A novidade com Trump foi ter incorporado o protecionismo ao discurso. Passou a ideia de que exportar era bom e importar era ruim, uma vez que contribuía para destruir empregos da indústria americana. Houve também a adoção de medidas unilaterais, muitas delas em desacordo com compromissos assumidos na Organização Mundial do Comércio (OMC). Prevaleceu o uso da força, do poder econômico, para implementar essa agenda, diz Sandra.
Com Biden, espera-se uma guinada a começar, por exemplo, pelo retorno dos EUA ao Acordo de Paris sobre mudanças climáticas, do qual o país saiu por decisão de Trump. Outro tema pendente é a reforma da OMC, que deve avançar a partir da chegada de Biden ao poder. Os americanos têm interesse em mudar alguns dos instrumentos da organização com os quais não se sentiam confortáveis já no fim da administração de Barack Obama, como é o caso do Órgão de Solução de Controvérsias.
Também há expectativa de que os EUA voltem ao Acordo Transpacífico de Cooperação Econômica (TPP, na sigla em inglês), o que pode ter impactos negativos para os produtos brasileiros uma vez que a exportação do Brasil para os países do acordo, sobretudo no agronegócio, concorre com itens vendidos pelos EUA.
Ainda será preciso ver como o Brasil se posiciona frente a essas mudanças esperadas pela comunidade internacional e também diante da própria administração Biden, sobre a qual Bolsonaro “calou” desde que os resultados eleitorais mostraram a vitória do democrata no fim de semana. Desde o início da gestão, em 2019, o governo Bolsonaro adotou retórica antiglobalista, seguindo os passos de Trump.
“O Brasil deveria fazer a releitura das suas posições de política externa à luz dos novos desdobramentos [a eleição de Biden]. Em contexto em que se fica isolado, não faz sentido manter a posição. Só faz sentido quando se está seguindo um líder, do contrário seremos conduzidos a uma posição de isolamento ainda maior. O Brasil vai tocar essa música sozinho agora?”, questiona o embaixador Marcos Caramuru, que esteve à frente da embaixada brasileira em Pequim entre 2016 e 2018.
Caramuru acredita que ainda há muitas indefinições. Por exemplo, os EUA, na gestão Biden, vão retirar de forma seletiva tarifas impostas a países na administração Trump? Vão reduzir tarifas para produtos chineses, o que poderia levar a China a fazer o mesmo? Qual será a postura em relação à tecnologia e ao 5G? O que está claro, diz o embaixador, é que com Biden haverá mais espaço para diálogo e cooperação incluindo temas como ambiente e proliferação de armas nucleares.

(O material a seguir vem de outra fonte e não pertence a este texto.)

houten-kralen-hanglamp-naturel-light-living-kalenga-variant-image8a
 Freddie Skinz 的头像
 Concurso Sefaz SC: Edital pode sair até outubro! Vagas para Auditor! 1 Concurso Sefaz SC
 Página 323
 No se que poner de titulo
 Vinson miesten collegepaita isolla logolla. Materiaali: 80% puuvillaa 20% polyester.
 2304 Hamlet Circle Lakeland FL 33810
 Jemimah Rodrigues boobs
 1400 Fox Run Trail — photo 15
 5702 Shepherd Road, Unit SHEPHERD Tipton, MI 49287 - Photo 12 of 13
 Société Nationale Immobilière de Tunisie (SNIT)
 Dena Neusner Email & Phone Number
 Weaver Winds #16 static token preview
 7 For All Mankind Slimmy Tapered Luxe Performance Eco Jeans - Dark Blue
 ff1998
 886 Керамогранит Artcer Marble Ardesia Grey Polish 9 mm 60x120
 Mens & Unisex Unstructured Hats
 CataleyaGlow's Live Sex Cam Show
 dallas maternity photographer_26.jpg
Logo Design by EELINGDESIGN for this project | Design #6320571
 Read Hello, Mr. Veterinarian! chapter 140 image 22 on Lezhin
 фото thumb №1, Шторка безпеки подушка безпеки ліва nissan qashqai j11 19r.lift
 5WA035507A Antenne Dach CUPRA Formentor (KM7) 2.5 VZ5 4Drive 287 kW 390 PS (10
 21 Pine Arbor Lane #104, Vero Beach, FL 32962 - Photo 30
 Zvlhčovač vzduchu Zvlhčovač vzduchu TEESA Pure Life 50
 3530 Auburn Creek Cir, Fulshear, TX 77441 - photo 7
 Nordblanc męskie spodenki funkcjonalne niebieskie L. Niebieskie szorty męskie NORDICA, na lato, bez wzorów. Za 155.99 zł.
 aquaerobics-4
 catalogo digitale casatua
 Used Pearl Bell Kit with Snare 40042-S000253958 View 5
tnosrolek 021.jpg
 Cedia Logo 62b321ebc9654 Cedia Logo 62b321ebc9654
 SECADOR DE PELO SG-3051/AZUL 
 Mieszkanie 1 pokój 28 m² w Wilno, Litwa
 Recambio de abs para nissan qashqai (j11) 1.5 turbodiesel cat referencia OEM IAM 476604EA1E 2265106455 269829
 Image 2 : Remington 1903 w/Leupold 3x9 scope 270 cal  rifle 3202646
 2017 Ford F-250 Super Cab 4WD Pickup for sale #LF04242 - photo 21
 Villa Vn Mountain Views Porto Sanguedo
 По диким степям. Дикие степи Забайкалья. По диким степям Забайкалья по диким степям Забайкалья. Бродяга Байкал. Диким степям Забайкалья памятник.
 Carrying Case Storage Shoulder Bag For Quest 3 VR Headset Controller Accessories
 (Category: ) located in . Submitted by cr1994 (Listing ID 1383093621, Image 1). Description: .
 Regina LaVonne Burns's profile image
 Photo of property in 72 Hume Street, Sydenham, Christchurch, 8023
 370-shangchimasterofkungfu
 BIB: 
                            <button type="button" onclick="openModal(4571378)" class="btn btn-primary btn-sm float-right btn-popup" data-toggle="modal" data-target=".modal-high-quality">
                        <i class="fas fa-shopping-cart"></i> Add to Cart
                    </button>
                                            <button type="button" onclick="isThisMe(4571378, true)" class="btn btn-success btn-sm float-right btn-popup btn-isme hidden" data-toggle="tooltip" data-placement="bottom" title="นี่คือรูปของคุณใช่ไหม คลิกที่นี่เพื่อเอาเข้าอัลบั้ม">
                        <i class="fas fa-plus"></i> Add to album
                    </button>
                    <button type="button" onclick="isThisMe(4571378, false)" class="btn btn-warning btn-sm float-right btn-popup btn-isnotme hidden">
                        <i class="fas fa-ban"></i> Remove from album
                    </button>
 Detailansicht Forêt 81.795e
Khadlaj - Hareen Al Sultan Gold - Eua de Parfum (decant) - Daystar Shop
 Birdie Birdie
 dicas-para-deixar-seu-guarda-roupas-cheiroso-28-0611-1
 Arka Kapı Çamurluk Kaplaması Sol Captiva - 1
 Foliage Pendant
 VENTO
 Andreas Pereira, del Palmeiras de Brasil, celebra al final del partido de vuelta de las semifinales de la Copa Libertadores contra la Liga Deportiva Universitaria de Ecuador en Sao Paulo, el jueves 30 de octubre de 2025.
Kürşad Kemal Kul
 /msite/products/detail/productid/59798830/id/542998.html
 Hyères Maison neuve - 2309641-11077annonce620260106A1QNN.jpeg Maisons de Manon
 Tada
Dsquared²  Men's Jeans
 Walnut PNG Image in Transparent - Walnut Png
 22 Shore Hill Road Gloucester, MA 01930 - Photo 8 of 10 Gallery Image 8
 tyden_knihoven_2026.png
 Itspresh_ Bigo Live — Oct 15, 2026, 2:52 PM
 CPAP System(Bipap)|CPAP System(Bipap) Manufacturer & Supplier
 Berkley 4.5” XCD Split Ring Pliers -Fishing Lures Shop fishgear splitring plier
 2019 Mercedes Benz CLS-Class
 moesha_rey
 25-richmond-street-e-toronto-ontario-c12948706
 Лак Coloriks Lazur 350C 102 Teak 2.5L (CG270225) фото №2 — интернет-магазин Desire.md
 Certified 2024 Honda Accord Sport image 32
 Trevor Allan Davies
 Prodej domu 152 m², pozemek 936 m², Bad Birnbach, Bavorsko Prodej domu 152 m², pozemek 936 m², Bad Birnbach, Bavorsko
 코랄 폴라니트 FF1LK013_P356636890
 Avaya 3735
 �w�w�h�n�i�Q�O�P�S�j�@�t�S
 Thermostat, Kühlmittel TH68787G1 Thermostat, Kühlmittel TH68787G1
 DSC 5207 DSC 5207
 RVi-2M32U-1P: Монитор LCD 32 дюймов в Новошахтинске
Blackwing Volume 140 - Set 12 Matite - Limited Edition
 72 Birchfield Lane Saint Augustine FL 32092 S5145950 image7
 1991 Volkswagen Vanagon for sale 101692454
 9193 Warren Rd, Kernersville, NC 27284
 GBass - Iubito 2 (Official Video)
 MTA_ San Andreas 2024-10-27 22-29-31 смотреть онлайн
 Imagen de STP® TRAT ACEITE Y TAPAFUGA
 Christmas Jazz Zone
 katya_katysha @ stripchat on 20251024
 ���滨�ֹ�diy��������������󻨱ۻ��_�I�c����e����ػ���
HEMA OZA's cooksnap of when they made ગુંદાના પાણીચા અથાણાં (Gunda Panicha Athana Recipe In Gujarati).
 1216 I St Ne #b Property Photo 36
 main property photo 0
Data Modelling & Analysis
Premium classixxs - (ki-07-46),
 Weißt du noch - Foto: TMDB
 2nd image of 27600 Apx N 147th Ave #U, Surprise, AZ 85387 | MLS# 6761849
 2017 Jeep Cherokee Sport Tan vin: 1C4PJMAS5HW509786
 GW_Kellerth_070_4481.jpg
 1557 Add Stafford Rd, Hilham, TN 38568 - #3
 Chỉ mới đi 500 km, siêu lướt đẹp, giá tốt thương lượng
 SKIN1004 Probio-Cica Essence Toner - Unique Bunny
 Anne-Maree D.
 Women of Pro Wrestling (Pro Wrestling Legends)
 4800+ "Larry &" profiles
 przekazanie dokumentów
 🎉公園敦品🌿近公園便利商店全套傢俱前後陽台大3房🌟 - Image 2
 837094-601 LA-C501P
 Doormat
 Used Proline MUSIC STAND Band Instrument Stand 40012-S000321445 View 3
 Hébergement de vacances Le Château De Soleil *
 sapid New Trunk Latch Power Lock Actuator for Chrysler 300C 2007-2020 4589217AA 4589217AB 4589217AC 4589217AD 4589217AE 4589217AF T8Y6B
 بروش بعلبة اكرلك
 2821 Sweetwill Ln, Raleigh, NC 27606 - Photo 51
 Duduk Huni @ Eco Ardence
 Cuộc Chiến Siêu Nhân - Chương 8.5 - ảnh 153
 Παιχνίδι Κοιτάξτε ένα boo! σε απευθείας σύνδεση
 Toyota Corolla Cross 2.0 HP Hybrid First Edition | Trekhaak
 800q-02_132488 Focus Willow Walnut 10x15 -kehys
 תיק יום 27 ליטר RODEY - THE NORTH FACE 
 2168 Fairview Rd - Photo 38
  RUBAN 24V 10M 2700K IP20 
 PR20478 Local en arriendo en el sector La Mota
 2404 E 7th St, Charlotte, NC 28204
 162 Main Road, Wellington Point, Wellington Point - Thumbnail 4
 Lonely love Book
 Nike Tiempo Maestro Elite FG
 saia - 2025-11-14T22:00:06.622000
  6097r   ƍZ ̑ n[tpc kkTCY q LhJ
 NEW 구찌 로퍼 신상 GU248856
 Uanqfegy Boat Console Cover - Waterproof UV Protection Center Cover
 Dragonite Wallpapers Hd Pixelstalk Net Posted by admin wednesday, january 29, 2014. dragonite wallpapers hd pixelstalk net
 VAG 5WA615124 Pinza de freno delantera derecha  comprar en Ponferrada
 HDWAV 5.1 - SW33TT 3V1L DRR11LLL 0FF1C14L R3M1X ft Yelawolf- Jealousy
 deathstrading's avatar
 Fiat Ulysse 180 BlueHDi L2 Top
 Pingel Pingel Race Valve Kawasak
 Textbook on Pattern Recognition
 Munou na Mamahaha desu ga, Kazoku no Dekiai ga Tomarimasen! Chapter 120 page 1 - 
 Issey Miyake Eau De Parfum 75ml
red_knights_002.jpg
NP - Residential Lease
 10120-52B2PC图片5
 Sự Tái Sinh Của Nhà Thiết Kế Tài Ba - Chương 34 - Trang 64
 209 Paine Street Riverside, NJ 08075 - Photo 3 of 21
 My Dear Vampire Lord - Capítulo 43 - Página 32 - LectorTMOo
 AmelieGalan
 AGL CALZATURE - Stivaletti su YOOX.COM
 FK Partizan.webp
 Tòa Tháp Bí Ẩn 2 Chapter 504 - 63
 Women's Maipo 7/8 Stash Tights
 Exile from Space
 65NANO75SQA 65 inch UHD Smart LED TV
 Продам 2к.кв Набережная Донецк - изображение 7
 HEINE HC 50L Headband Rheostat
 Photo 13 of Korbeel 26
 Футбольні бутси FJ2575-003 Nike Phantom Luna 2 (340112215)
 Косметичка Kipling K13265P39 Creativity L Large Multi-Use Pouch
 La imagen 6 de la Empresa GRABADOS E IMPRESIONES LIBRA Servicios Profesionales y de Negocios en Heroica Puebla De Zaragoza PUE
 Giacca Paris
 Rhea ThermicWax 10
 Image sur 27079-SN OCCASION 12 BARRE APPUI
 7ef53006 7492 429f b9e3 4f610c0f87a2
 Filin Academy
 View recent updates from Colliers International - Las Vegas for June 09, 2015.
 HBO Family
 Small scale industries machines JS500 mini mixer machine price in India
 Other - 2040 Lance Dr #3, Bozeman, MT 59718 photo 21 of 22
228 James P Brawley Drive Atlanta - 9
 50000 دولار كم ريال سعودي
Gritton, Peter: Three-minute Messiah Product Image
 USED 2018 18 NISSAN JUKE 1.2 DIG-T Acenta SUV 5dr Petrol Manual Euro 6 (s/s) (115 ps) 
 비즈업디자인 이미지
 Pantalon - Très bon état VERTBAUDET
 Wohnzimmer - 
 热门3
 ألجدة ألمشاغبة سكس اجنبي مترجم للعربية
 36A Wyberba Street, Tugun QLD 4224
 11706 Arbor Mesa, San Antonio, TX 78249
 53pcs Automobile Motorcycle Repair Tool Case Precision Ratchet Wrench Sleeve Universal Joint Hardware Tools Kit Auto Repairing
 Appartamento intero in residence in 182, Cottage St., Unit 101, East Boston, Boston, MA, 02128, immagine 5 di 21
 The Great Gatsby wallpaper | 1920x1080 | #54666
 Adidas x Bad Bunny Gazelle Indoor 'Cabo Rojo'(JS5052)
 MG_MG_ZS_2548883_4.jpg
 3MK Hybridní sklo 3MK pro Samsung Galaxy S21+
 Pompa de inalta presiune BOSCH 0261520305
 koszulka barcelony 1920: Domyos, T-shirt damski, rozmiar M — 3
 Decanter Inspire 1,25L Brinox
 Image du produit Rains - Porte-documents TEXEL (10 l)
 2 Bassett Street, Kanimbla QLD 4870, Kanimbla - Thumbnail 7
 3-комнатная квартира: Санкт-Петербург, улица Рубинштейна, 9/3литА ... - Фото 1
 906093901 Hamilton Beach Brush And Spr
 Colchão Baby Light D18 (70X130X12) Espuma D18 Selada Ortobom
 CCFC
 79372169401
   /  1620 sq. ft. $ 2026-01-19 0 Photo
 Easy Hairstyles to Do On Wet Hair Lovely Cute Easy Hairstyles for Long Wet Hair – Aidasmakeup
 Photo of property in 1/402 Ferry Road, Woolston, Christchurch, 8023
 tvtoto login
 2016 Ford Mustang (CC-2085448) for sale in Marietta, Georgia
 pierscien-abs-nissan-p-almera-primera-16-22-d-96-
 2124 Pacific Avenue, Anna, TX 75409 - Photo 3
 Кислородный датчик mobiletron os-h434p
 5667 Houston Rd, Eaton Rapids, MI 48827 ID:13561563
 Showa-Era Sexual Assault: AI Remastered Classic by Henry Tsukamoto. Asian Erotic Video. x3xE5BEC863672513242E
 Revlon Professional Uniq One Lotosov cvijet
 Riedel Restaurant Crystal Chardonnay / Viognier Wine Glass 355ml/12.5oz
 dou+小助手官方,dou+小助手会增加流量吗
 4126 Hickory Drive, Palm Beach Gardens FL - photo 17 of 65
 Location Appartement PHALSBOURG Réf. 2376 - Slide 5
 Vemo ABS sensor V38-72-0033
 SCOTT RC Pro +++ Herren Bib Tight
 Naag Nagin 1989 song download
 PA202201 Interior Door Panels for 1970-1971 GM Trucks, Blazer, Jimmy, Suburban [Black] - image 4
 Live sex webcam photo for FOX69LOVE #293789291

O embaixador José Alfredo Graça Lima pensa de forma semelhante. Diz que, com o tempo e com maior respeito para com os organismos multilaterais, existe a esperança de que os EUA se insiram novamente em uma “normalidade” dentro desse sistema em que foram cofundadores. “Sustento que os americanos não se tornaram protecionistas nos últimos quatro anos, mas recorreram via presidente e USTR [representante comercial dos EUA] a medidas que eram típicas da pré-rodada Uruguai do GATT [instância que antecedeu a OMC] em que os Estados Unidos aplicavam medidas unilaterais e não tinham propensão para o diálogo sobre regras multilateralmente acordadas”, diz Graça Lima.
O embaixador vê as mudanças de forma positiva para o Brasil porque obrigam o governo a tratar com a contraparte americana dando prioridade a relações institucionais. “Leva a atuar de forma protocolar, o que é bom na relação entre Estados. Relação entre Estados tem que ser feita por estadistas, indivíduos que tenham objetivos específicos, o que é feito por diplomacia. A diplomacia presidencial pode dar muitos frutos, mas depende de como o diálogo é tocado”, diz Graça Lima. Um dos desafios do Brasil será se inserir mais no comércio global. “Ainda somos muito voltados para dentro”, diz o presidente da Associação de Comércio Exterior do Brasil (AEB), José Augusto de Castro.